Y los años 80 y 90 del pasado siglo fueron parte de una época normal para muchos, pero a su vez terminó siendo un calvario para otros como Luka Modric.

La desintegración de Yugoslavia conllevó a un acentuado período de guerras civiles, donde serbios, croatas, bosnios, kosovares y albaneses terminaron masacrándose unos a otros y Modric vivió eso, de hecho, fue testigo del asesinato de su abuelo, un acontecimiento que lo marcaría para siempre, tal como le contó a Marca y cuentan algunos que esas lágrimas y el deseo constante de llorar viene de allí, de ese momento.

El presente

Hoy en Qatar, había tristeza, cierto halo de melancolía se mostraba en el semblante de  Modric, a sus 37 años, el niño, aquel niño que lloraba mucho, viendo morir a su abuelo, en la escuela, ante sus maestros, en los primeros entrenamientos de fútbol, cuando el largo viaje a Zagreb; 37 años después, las huellas del tiempo no esconden la inocencia en la mirada de Modric, la inocencia, la tristeza y también el orgullo por estar ahí, por haber confiado en que siempre podía ir a por más y ese abrazo con su padre lo dice todo…

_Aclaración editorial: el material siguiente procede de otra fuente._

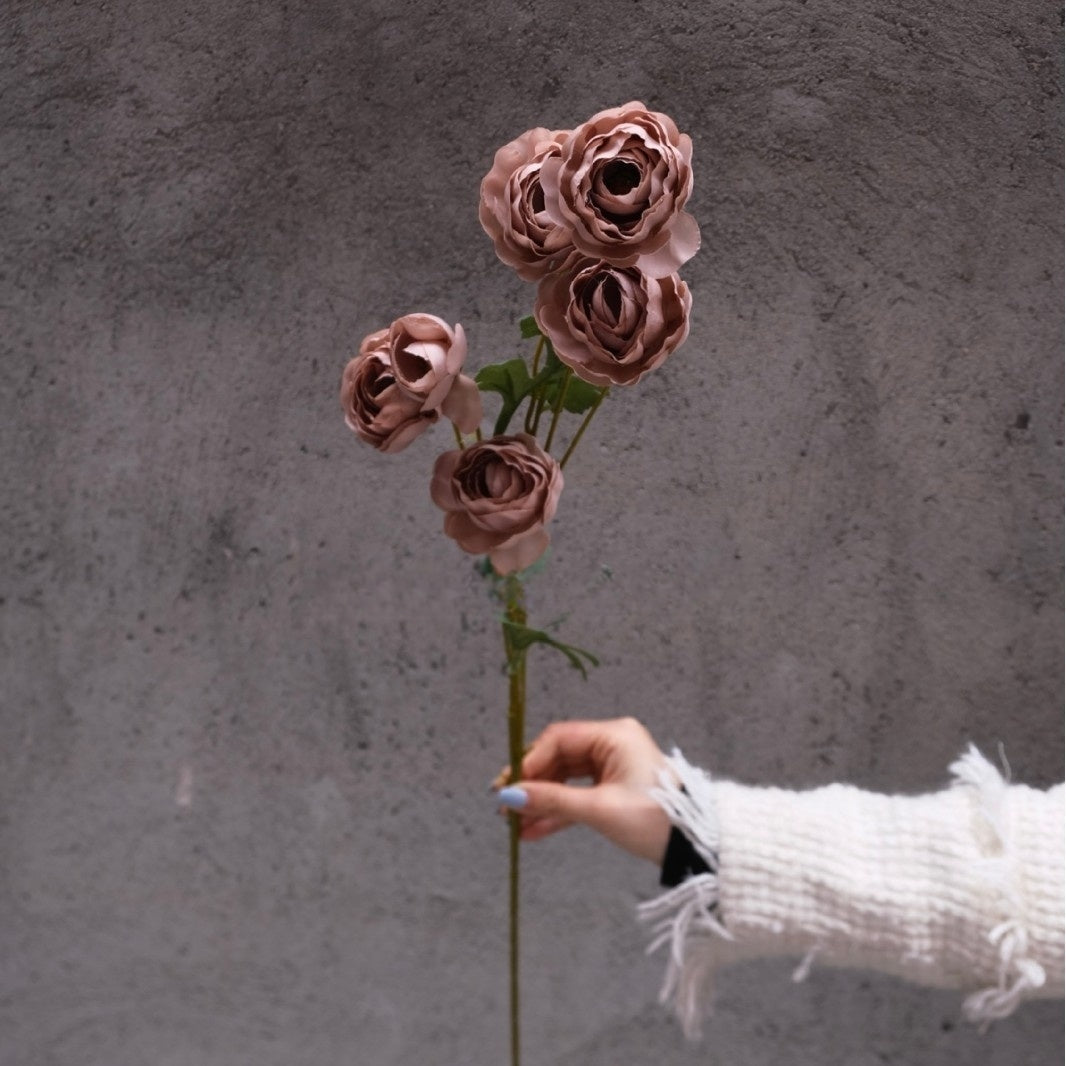 Schwarz-rosa Kunstblumen-Set – Moderne Geburtstagsparty-Hintergrunddekoration mit Kunstblumenarrangement FA-255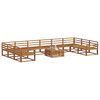 vidaXL Ensemble de canap&eacute;s d'ext&eacute;rieur 11 pcs Naturel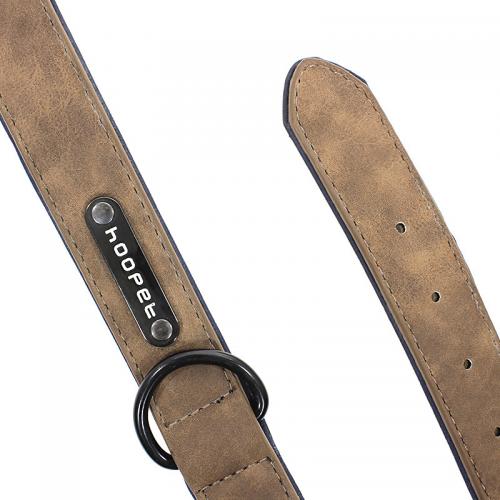 Нашийник для собак Hoopet W033 Коричневий M двошаровий (5293-17338) Нашийник для собак Hoopet W033 Коричневий M двошаровий (5293-17338)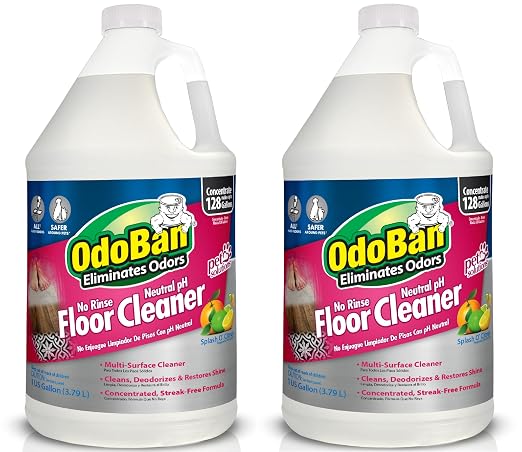 OdoBan Pet Solutions No Rinse Neutral pH Floor Cleaner Concentrate, Made in the by OdoBan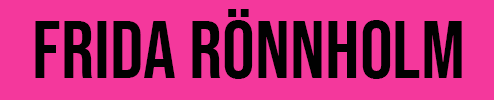 Fotograf Frida Rönnholm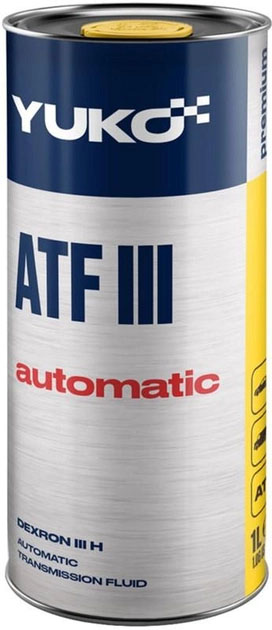 Олива трансм. YUKO ATF III (каністра 1л жерсть)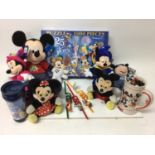 Large collection of Disney toys, monopoly set and various other items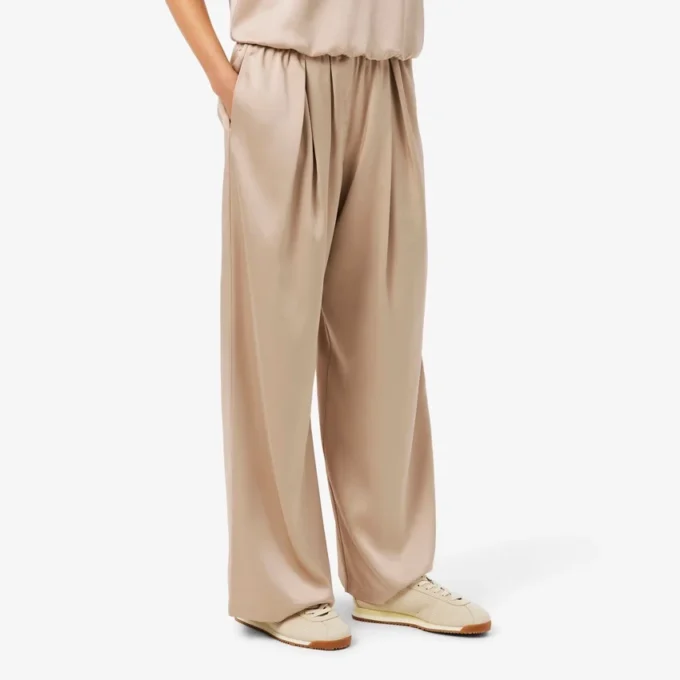 Oversized-Satin-Hose mit Gummizug
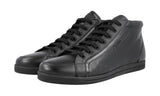 Prada Women's Black Saffiano Leather High-Top Sneaker 3T5893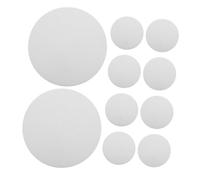 Homoyoyo 10 Pezzi Carta Isolante in Fibra Ceramica Fusione microonde Tessuto Forno per Ceramica tavola ignifuga Carta in Fibra Ceramica Materiale della Guarnizione ignifuga Bianca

Modric, el último espartano del fútbol mundial, el mismo que frisando los 40 años juega con la mismas ganas y la energía de los 20, el que deslumbró a todos en el Tottenham, el que lleva diez años en el Real Madrid, colmado de títulos, como si hubiera estado siempre; Modric, el mismo que lloró en la final de Rusia 2018, estuvo cerca, nadie lo creyó posible, pero estuvo cerca del título y si bien quedaba la satisfacción de haber llegado, emergía la frustración por no haber ganado, aunque llegar en ese momento era como ganar; ese Modric, hoy, cuatro años después, en Qatar, dice adiós a los Mundiales, como un grande, con un bronce que vuelve a saber a oro y es un final soñado.

Y están los títulos de Champions, de Liga, de Copa y el Balón de Oro, por solo citar, pero nada, nada se compara con el Mundial, menos aun si se trata de un país de menos de 4 millones de habitantes y de un jugador con el que nadie contaba, el mismo que se impuso a todo, a la muerte, a la soledad y al miedo y en la máxima competición le ha dado forma a su leyenda.

La mejor despedida

Cuando lo vimos llorar días atrás, al momento de ser sustituido frente a Japón, sabíamos que en su fuero interno estaba la idea de que podía ser su último partido en estas lides, pero el destino y los dioses del fútbol, tal vez como un acto de justicia divina le tenían reservada la mejor de las despedidas.

¡Adiós, Lukita!, te decimos y ante tu figura ya legendaria, solo nos resta quitarnos el sombrero y nada más.